TASK REQUIREMENTS: The answer must consist of the entire listing, repeated exactly.

INFORMATION SHOWN:
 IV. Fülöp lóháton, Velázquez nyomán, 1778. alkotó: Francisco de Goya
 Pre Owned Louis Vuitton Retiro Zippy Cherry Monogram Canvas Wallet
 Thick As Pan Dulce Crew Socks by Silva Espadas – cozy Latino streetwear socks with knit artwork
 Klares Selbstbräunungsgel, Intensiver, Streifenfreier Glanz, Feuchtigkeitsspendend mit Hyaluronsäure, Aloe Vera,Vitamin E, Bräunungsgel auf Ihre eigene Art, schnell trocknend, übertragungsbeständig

YOUR SOLUTION:
 IV. Fülöp lóháton, Velázquez nyomán, 1778. alkotó: Francisco de Goya
 Pre Owned Louis Vuitton Retiro Zippy Cherry Monogram Canvas Wallet
 Thick As Pan Dulce Crew Socks by Silva Espadas – cozy Latino streetwear socks with knit artwork
 Klares Selbstbräunungsgel, Intensiver, Streifenfreier Glanz, Feuchtigkeitsspendend mit Hyaluronsäure, Aloe Vera,Vitamin E, Bräunungsgel auf Ihre eigene Art, schnell trocknend, übertragungsbeständig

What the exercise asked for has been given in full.